Fouad Harjane manifeste avec la CNT contre la réforme des retraites à Metz en 2010.

 

La Confédération nationale du travail (CNT), syndicat anarchiste, est connue pour ses prises de positions fortes et sans concession sur la scène politique. Webullition a rencontré Fouad Harjane, secrétaire confédéral en charge des relations avec les médias pour en apprendre plus sur leurs actions et leur idéologie. Sans oublier leur avis sur la politique du nouveau président.

Après les promesses de François Hollande, c’est le temps des désillusions. Fouad Harjane ne mâche pas ses mots : “C’est une catastrophe pour le monde du travail, pour les classes populaires.” Les sources de mécontentement sont nombreuses, à commencer par l’emblématique réforme des retraites. Le candidat Hollande promettait un retour à la retraite à 60 ans. Finalement, l’âge de départ a été repoussé et la durée de cotisation allongée. “Pire que Sarkozy” lâche Fouad, amer, pour qui le nouveau président n’est différent que dans sa dialectique, moins agressive. “La violence de la réforme passe inaperçue devant la douceur des propos” affirme-t-il.

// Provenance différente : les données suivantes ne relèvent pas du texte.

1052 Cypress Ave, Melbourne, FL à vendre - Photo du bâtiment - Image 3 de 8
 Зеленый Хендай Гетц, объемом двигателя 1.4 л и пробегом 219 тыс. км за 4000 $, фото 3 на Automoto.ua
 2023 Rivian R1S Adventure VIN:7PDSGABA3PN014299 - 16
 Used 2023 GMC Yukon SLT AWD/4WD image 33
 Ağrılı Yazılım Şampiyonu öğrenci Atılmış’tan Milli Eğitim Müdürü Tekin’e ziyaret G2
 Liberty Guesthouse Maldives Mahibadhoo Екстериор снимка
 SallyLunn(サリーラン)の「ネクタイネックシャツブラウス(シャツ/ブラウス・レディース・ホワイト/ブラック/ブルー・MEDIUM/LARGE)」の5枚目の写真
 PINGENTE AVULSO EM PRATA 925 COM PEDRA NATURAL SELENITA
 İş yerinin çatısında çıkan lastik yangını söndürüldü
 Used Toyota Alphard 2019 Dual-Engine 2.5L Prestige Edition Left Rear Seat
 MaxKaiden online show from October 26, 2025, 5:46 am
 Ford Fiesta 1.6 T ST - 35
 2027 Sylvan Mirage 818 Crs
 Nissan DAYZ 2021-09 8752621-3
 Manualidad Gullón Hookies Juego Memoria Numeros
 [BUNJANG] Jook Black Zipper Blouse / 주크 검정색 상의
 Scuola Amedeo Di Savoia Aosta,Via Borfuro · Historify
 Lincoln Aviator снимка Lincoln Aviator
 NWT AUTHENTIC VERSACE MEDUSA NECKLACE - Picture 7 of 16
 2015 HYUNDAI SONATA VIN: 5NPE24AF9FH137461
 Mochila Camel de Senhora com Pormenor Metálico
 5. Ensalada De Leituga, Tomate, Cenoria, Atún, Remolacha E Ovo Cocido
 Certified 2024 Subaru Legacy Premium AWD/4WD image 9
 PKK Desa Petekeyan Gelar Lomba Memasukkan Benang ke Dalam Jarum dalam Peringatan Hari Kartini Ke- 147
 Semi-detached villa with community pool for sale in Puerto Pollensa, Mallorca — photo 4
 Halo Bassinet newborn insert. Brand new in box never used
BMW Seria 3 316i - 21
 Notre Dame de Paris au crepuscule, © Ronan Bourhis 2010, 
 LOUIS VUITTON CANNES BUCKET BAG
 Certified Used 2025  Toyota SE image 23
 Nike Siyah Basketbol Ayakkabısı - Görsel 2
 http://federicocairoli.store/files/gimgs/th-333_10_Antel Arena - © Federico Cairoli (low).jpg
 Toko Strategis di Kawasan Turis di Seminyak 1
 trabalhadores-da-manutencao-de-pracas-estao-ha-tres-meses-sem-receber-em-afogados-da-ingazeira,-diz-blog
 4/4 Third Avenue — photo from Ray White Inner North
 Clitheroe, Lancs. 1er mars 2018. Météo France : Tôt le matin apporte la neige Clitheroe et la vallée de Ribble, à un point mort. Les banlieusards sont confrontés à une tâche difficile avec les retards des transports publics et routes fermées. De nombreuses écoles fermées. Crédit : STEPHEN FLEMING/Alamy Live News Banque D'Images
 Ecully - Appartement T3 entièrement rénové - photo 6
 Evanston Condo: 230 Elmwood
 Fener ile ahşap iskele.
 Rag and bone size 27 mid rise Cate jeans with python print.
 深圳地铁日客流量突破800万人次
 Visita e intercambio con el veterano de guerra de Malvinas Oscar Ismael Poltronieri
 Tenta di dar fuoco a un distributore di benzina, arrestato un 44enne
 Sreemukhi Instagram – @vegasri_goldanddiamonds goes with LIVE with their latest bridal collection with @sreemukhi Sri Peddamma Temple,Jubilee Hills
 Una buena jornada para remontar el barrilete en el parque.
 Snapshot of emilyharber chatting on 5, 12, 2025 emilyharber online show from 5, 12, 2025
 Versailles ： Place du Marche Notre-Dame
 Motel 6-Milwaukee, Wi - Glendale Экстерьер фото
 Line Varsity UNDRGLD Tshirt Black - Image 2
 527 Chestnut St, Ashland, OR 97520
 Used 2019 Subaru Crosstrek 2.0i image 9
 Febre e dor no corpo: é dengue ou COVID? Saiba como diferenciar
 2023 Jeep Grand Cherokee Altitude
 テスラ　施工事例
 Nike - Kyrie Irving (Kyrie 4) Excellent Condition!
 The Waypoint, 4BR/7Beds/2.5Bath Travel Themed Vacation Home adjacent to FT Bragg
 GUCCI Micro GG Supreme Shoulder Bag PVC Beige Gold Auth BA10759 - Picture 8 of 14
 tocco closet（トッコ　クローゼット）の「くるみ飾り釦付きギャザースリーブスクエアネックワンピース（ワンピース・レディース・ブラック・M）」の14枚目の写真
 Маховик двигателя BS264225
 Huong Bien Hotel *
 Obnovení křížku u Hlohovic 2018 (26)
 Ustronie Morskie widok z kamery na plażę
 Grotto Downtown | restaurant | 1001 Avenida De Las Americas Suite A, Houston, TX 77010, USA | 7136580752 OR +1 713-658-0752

“Ils cherchent à casser le syndicalisme de lutte”

La rupture remonte à l’accord « compétitivité emploi ». Pour la CNT, “l’une des premières lois [du gouvernement Ayrault] en défaveur des travailleurs”. Datant de janvier, ce texte garantit pour une durée limitée le maintien de l’emploi en France en échange de gains de productivité. Ces derniers se traduisent par des hausses des cadences, du temps de travail,… Les salariés qui n’ont pas de syndicats forts pour se défendre s’en trouvent “fragilisés”. Une situation qui inquiète la CNT qui voit dans cette loi une manœuvre misant à mettre fin à la tradition d’action directe des syndicats français. “Le gouvernement s’appuie sur des syndicats réformistes comme la CFDT et fait croire à une négociation, à du gagnant-gagnant, alors que c’est du gagnant-perdant”.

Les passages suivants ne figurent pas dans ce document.